*Exercise data*:
BEGIN

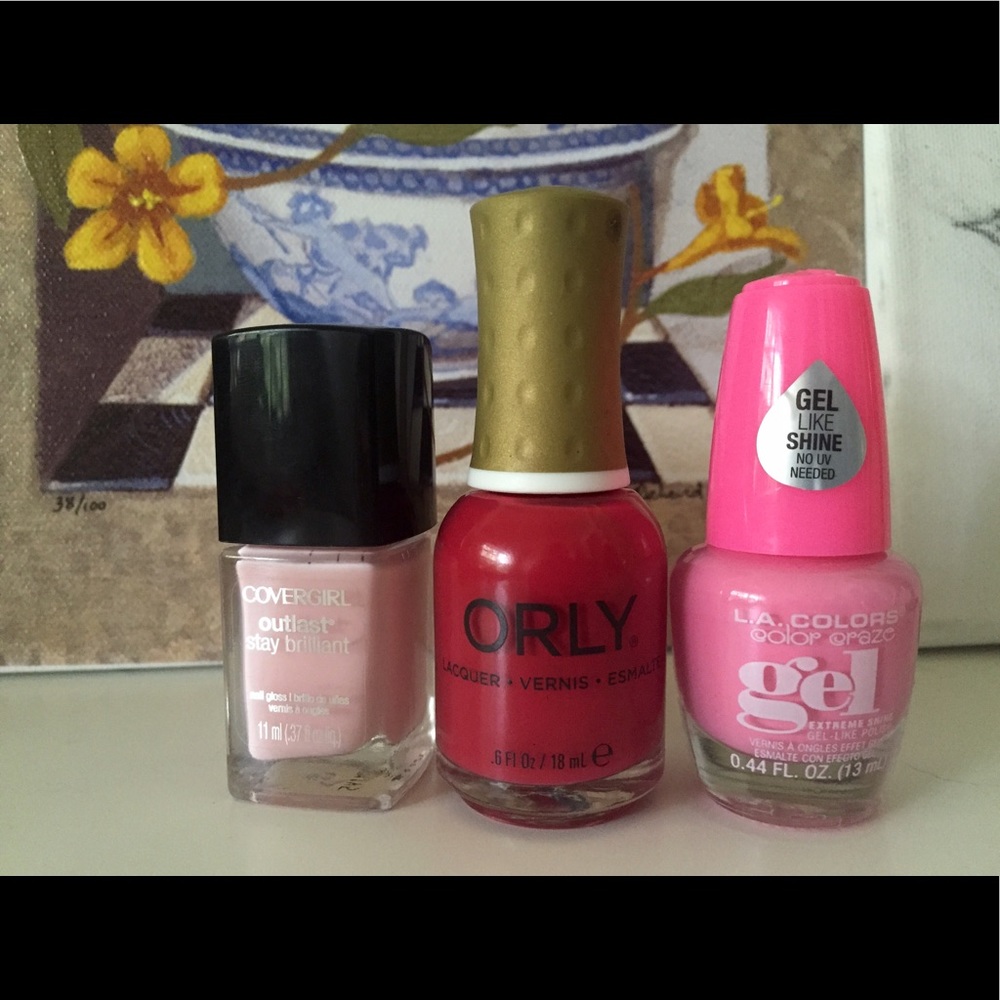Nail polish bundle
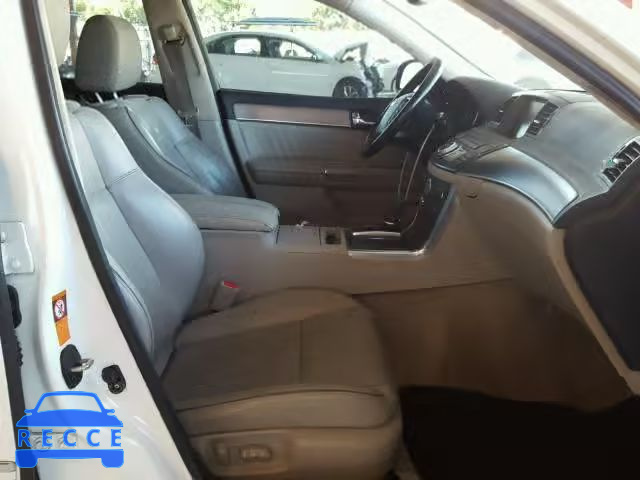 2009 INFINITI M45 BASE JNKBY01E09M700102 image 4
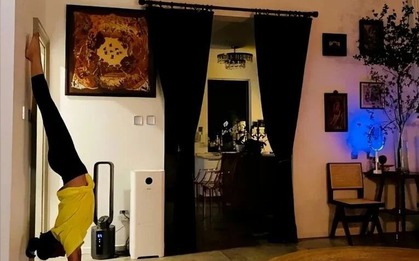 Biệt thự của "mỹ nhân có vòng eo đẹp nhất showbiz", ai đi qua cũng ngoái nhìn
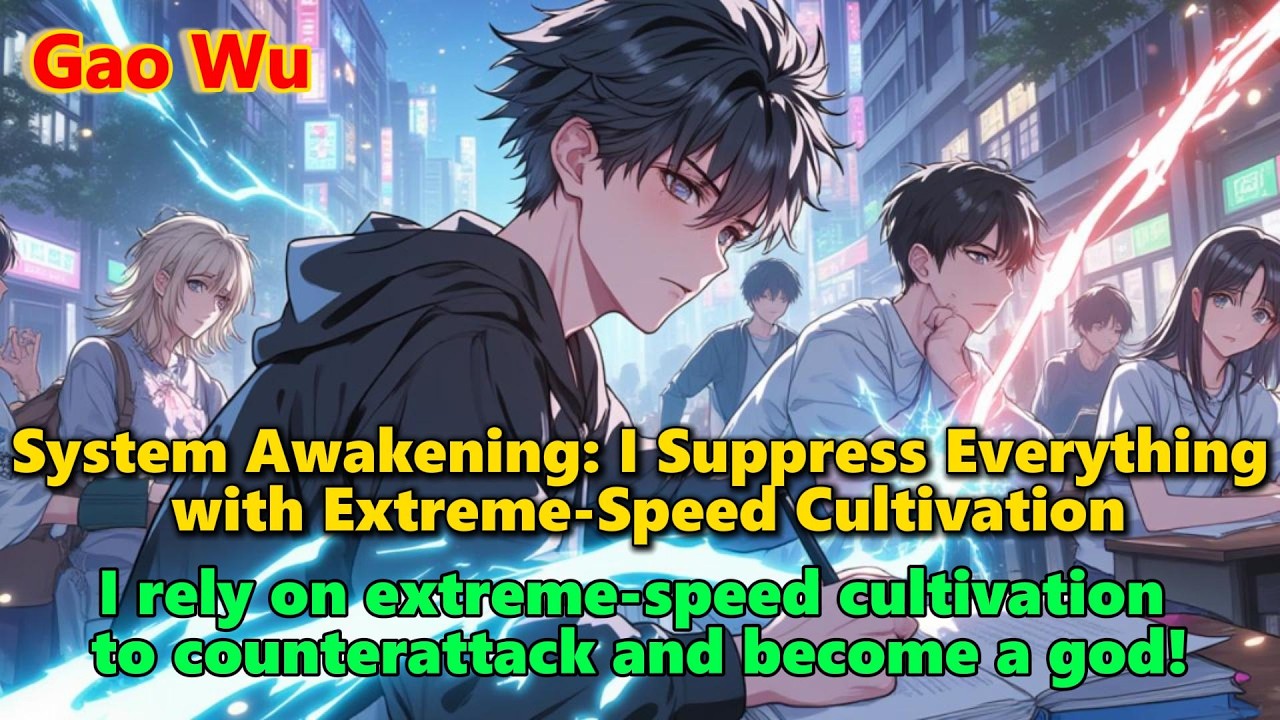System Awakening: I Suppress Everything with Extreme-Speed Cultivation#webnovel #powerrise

END
BEGIN

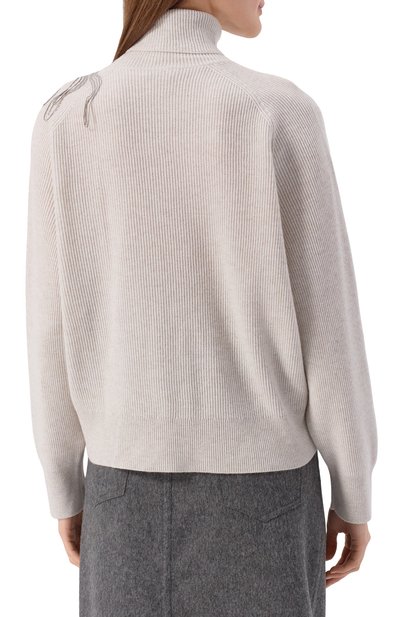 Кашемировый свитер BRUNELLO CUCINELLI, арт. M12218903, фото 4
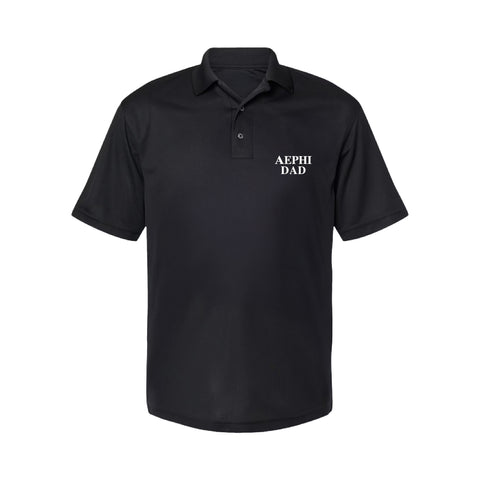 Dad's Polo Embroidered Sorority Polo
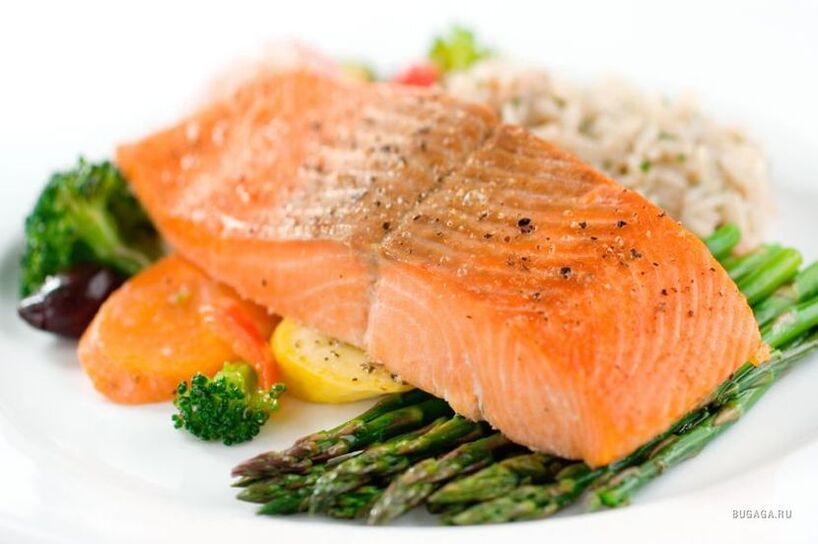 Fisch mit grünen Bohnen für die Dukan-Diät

END

*Exercise brief*:
Set down, exactly as written above, each line from the one with "Nail polish bundle" through the one with "System Awakening: I", and skip the pictures.

*Expected answer*:
Nail polish bundle
 2009 INFINITI M45 BASE JNKBY01E09M700102 image 4
 Biệt thự của "mỹ nhân có vòng eo đẹp nhất showbiz", ai đi qua cũng ngoái nhìn
System Awakening: I Suppress Everything with Extreme-Speed Cultivation#webnovel #powerrise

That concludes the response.